You have nine independent variables to start off with.

If c + f + i = *3 (* is a number from 0 to 2 since max is 9+9+9 = 27) then you have one constraint. Now tke the * and move it the 10's group. Let * = p.

(b + e + h + p) = *6. Where again * = (0,1,2 for the same reason as above). If * = q we have

(a + d + g + q) = 9

So in total we have the following constraints:

All numbers between 0 and 9 inclusive

a, d, g > 0

c + f + i = 10*p + 3 (p = 0,1,2)

b + e + h + p = 10*q + 6 (q = 0,1,2)

(a + d + g + q) = 9

These constraints though do not make it easy so I will suggest another way.

Consider the two variable case.

Let abc + def = 963. Since a, d != 0 we start abc = 100.

Now def = 963 - def.

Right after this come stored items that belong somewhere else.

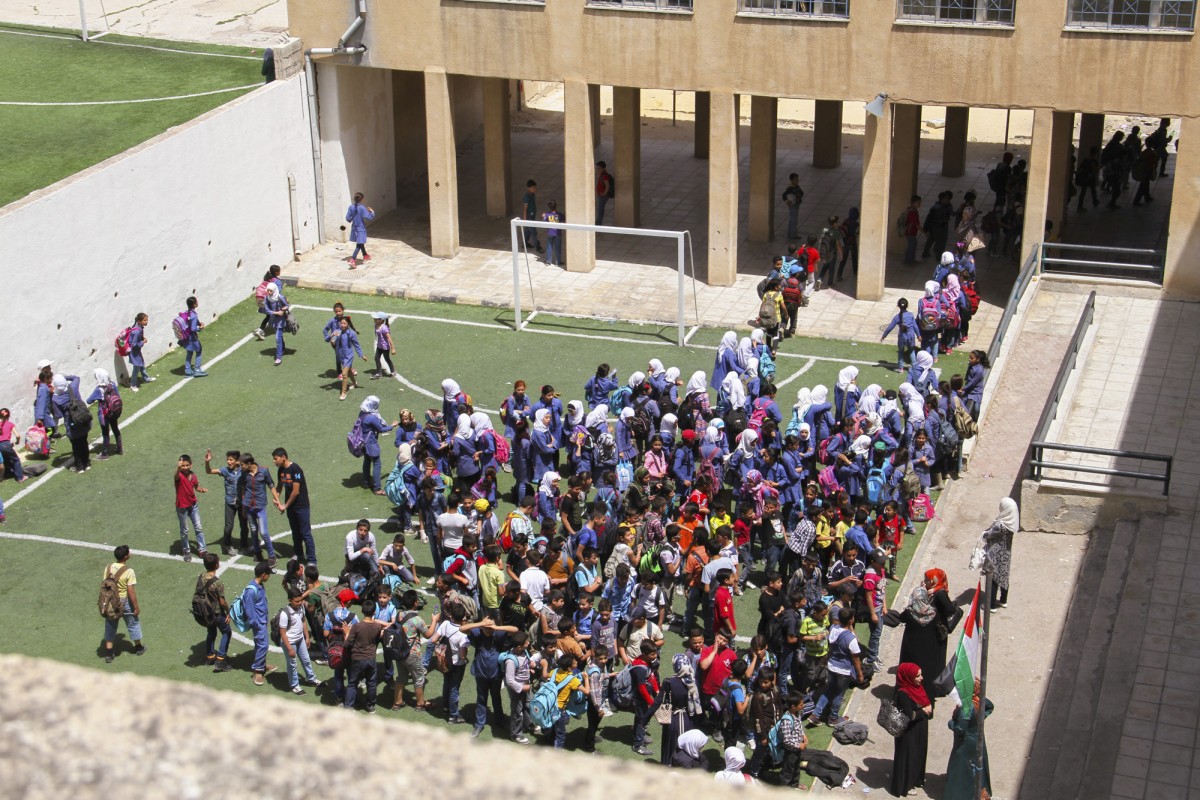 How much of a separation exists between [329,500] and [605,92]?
21957 mm

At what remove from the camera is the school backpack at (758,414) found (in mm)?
20016

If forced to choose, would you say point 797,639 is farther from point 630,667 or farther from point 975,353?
point 975,353

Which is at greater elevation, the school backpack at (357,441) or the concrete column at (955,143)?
the concrete column at (955,143)

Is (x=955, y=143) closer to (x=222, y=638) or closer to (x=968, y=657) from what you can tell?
(x=222, y=638)

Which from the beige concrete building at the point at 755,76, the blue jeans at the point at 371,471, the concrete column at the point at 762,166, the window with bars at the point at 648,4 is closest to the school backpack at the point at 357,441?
the blue jeans at the point at 371,471

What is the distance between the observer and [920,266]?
1153 inches

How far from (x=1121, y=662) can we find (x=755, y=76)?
1384 cm

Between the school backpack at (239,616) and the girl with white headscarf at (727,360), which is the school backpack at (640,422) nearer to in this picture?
the girl with white headscarf at (727,360)

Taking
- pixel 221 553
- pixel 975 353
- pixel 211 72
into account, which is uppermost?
pixel 211 72

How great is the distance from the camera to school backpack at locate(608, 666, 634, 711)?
49.6ft

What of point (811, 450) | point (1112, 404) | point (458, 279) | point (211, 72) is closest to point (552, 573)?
point (811, 450)

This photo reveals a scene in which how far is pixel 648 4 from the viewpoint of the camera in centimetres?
2717

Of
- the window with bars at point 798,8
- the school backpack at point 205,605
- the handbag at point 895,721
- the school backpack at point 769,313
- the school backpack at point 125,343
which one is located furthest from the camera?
the window with bars at point 798,8

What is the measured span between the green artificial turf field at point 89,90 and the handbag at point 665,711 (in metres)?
14.7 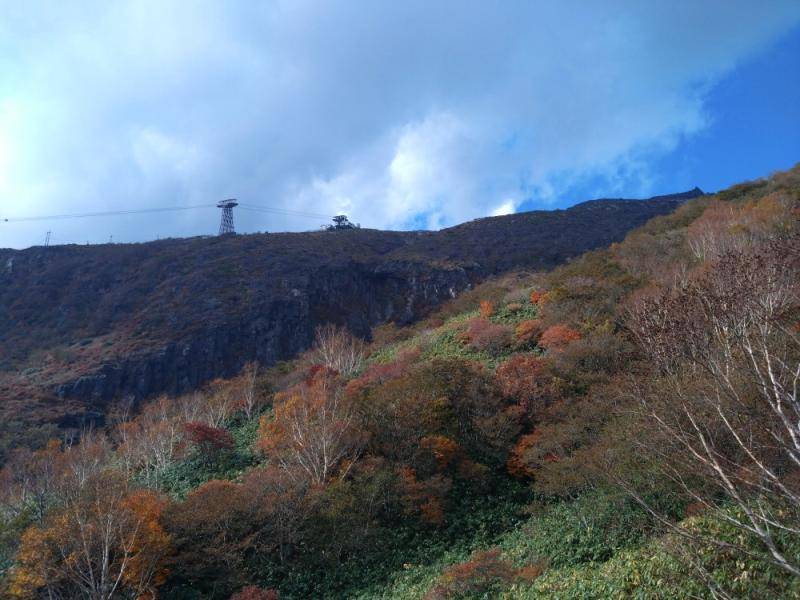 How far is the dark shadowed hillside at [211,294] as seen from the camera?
59594 millimetres

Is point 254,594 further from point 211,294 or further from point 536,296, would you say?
point 211,294

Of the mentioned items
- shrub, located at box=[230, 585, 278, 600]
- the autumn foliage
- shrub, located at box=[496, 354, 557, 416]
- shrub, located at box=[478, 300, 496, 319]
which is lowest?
shrub, located at box=[230, 585, 278, 600]

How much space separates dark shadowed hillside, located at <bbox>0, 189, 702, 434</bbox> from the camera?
5959 centimetres

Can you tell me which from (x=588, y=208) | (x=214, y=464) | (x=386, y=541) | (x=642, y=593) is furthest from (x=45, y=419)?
(x=588, y=208)

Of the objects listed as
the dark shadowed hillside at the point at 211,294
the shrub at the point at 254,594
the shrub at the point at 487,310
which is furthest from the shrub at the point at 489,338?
the dark shadowed hillside at the point at 211,294

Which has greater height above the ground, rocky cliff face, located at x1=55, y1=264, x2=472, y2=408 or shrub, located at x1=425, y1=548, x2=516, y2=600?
rocky cliff face, located at x1=55, y1=264, x2=472, y2=408

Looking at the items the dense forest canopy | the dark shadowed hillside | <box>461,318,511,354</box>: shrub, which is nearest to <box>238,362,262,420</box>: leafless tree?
the dense forest canopy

This means that you have 963 - 100 = 863 different combinations for both numbers.

In the three variable case you do the same thing but twice.

abc + def + ghi = 963. Fix abc = 100 which means (def + ghi) = 963 - 100 = 863. Now figure out how many possibilities for 863 (it will be 863 - 100 = 763). Then do it for abc = 101, 102, ...., 863.

You should find a pattern in this and I suggest you write it all out to see it for yourself. (Hint: Try and find the relationship given that abc = some number for how many combinations between def and ghi and add up all possibilities for each abc).